Thread: Encoding from CopyManager.copyIn()

Encoding from CopyManager.copyIn()

From
Markus Kickmaier
Date:
Hello,

I'm using the copyIn() function of the CopyManager. It works fine until I don't use an "umlaut" like ü. Then i get an
PSQLException:

org.postgresql.util.PSQLException: ERROR: invalid byte sequence for encoding "UTF8": 0xfc

My code looks like follows:

ByteArrayOutputStream output = new ByteArrayOutputStream();
PrintWriter writer = new PrintWriter(output);
writer.println("abcüäö");
writer.flush();
ByteArrayInputStream input = new ByteArrayInputStream(output.toByteArray());
long result = ((PGConnection) con_).getCopyAPI().copyIn(statement, input);

After searching at google i found out that this is an encoding problem. The database doesn't know what charset I'm
using.

Any suggestion how i can specify the encoding i want to use?

BR, Markus

Re: Encoding from CopyManager.copyIn()

From
Kris Jurka
Date:

On Wed, 22 Jul 2009, Markus Kickmaier wrote:

> I'm using the copyIn() function of the CopyManager. It works fine until
> I don't use an "umlaut" like ?. Then i get an PSQLException:
>
> org.postgresql.util.PSQLException: ERROR: invalid byte sequence for
> encoding "UTF8": 0xfc
>
> My code looks like follows:
>
> ByteArrayOutputStream output = new ByteArrayOutputStream();
> PrintWriter writer = new PrintWriter(output);
> writer.println("abc???");
> writer.flush();
> ByteArrayInputStream input = new ByteArrayInputStream(output.toByteArray());
> long result = ((PGConnection) con_).getCopyAPI().copyIn(statement, input);

You should be using the copyIn(String, Reader) function rather than
InputStream.  That way the CopyManager can encode the provide data to
the database in the encoding it requires.

If using the InputStream method, you need to provide the data in UTF-8
encoding.

Kris Jurka


Re: Encoding from CopyManager.copyIn()

From
Daniel Migowski
Date:
The PrintWriter has another constructor where you can give "UTF8" as
Encoding.

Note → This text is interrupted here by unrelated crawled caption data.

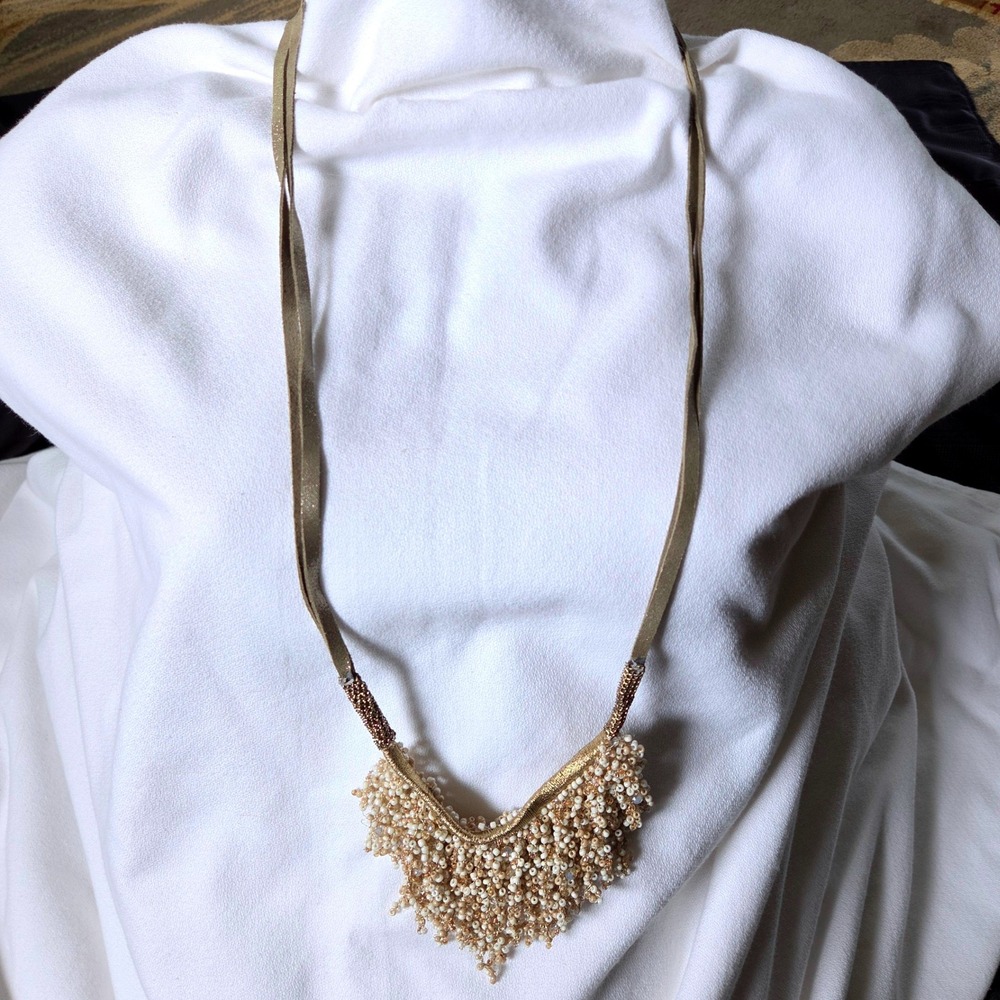 Chico's Aurora 20-24" Necklace Gold Cream Beaded Bib Metallic Cord NWT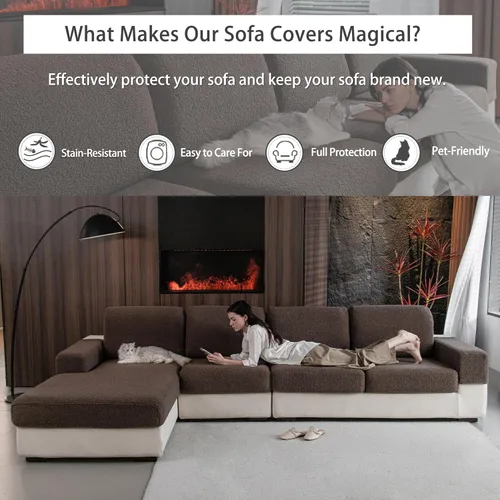 Miniatura 5 de OHSIO Fundas de Cojines de Sofá para Sofá Seccional, Fundas de Sofá Suaves Elásticas Lavables Resistentes al Desgaste Protector Universal de Muebles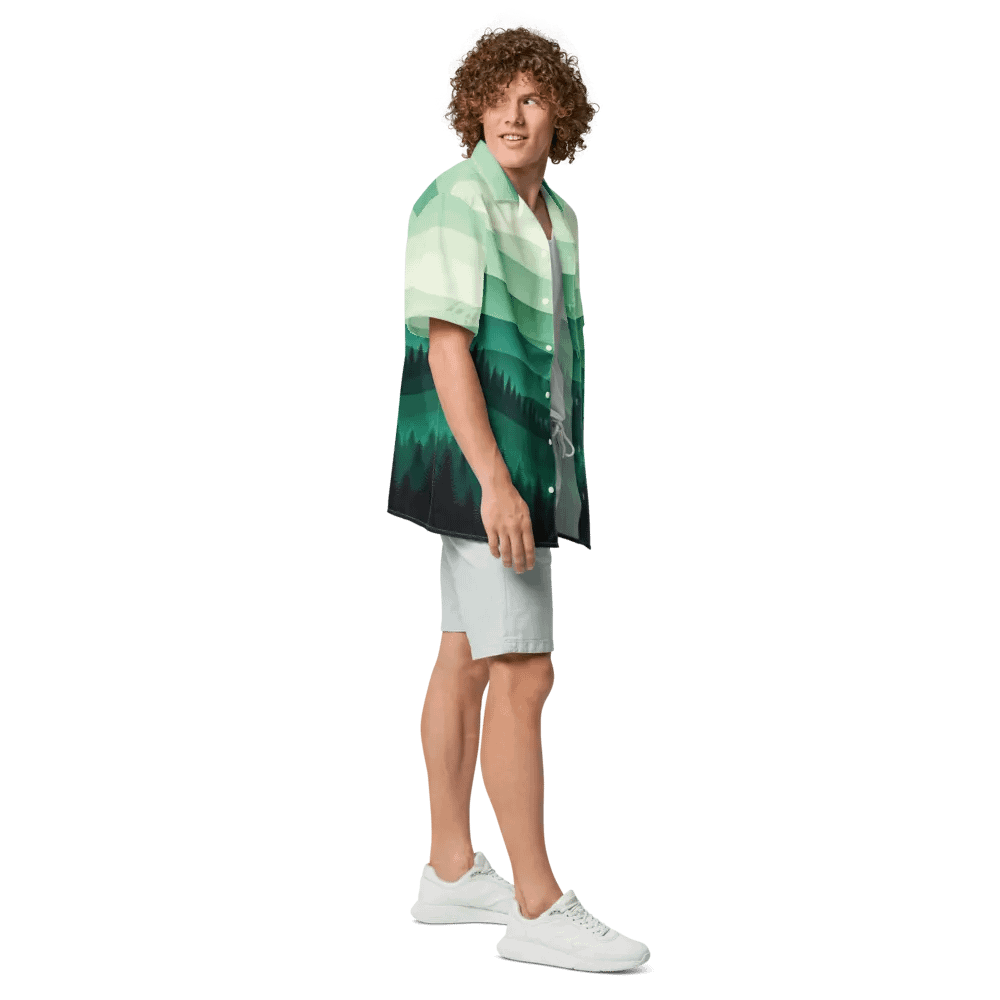 Men's Full-Print Green Hawaiian Shirt product image (2)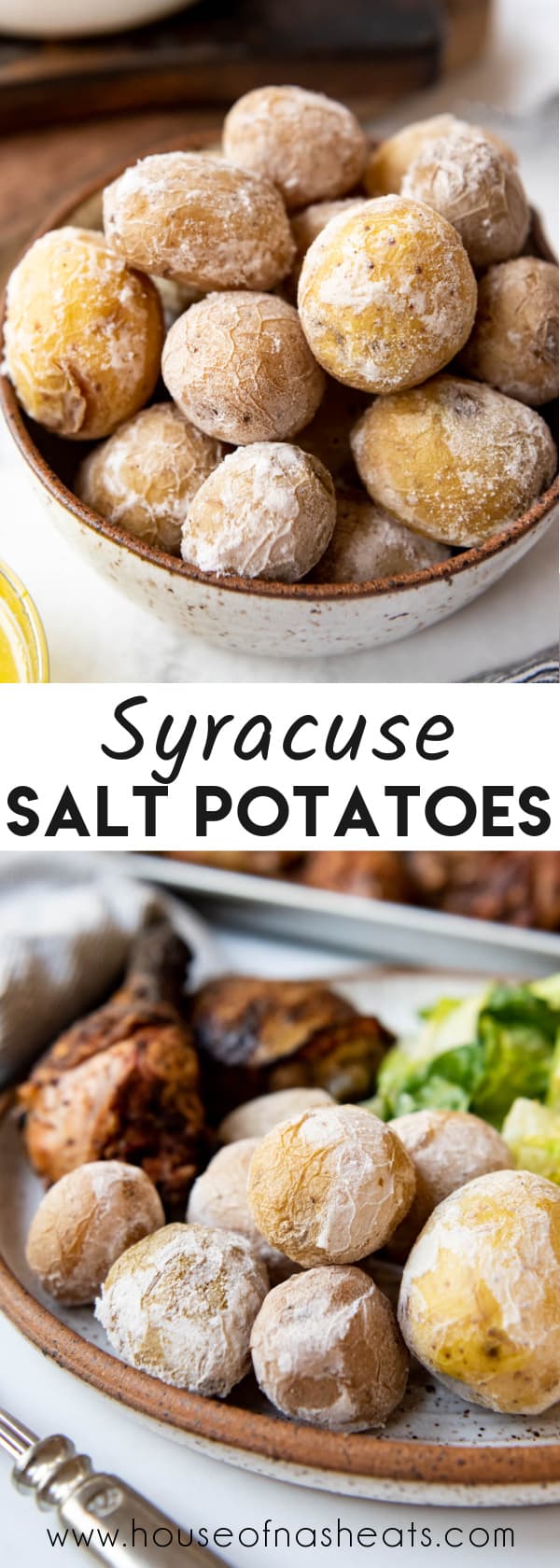 A collage of images of syracuse salt potatoes with text overlay.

Default is platform encoding (usually "Win1252" for me in
Germany).

Best,
Daniel Migowski

Markus Kickmaier schrieb:
> Hello,
>
> I'm using the copyIn() function of the CopyManager. It works fine until I don't use an "umlaut" like ü. Then i get an
PSQLException:
>
> org.postgresql.util.PSQLException: ERROR: invalid byte sequence for encoding "UTF8": 0xfc
>
> My code looks like follows:
>
> ByteArrayOutputStream output = new ByteArrayOutputStream();
> PrintWriter writer = new PrintWriter(output);
> writer.println("abcüäö");
> writer.flush();
> ByteArrayInputStream input = new ByteArrayInputStream(output.toByteArray());
> long result = ((PGConnection) con_).getCopyAPI().copyIn(statement, input);
>
> After searching at google i found out that this is an encoding problem. The database doesn't know what charset I'm
using.
>
> Any suggestion how i can specify the encoding i want to use?
>
> BR, Markus
>
>



Re: Encoding from CopyManager.copyIn()

From
Daniel Migowski
Date:
Or, in your case you have to wrap the OutputStream in an
OutputStreamWriter (which has the encoding parameter in the constructor).

best
Daniel

Markus Kickmaier schrieb:
> Hello,
>
> I'm using the copyIn() function of the CopyManager. It works fine until I don't use an "umlaut" like ü. Then i get an
PSQLException:
>
> org.postgresql.util.PSQLException: ERROR: invalid byte sequence for encoding "UTF8": 0xfc
>
> My code looks like follows:
>
> ByteArrayOutputStream output = new ByteArrayOutputStream();
> PrintWriter writer = new PrintWriter(output);
> writer.println("abcüäö");
> writer.flush();
> ByteArrayInputStream input = new ByteArrayInputStream(output.toByteArray());
> long result = ((PGConnection) con_).getCopyAPI().copyIn(statement, input);
>
> After searching at google i found out that this is an encoding problem. The database doesn't know what charset I'm
using.
>
> Any suggestion how i can specify the encoding i want to use?
>
> BR, Markus
>
>



Re: Encoding from CopyManager.copyIn()

From
Markus Kickmaier
Date:
Thanks for the Responses Daniel and Kris,

but i just don't get it work. I know now what exactly my problem is.
I have a SQL_ASCCI encoded database. The JDBC driver uses UNICODE as client_encoding. So if i want to copy an 'umlaut'
likeü into a table i get the error: invalid byte sequence for UTF8... 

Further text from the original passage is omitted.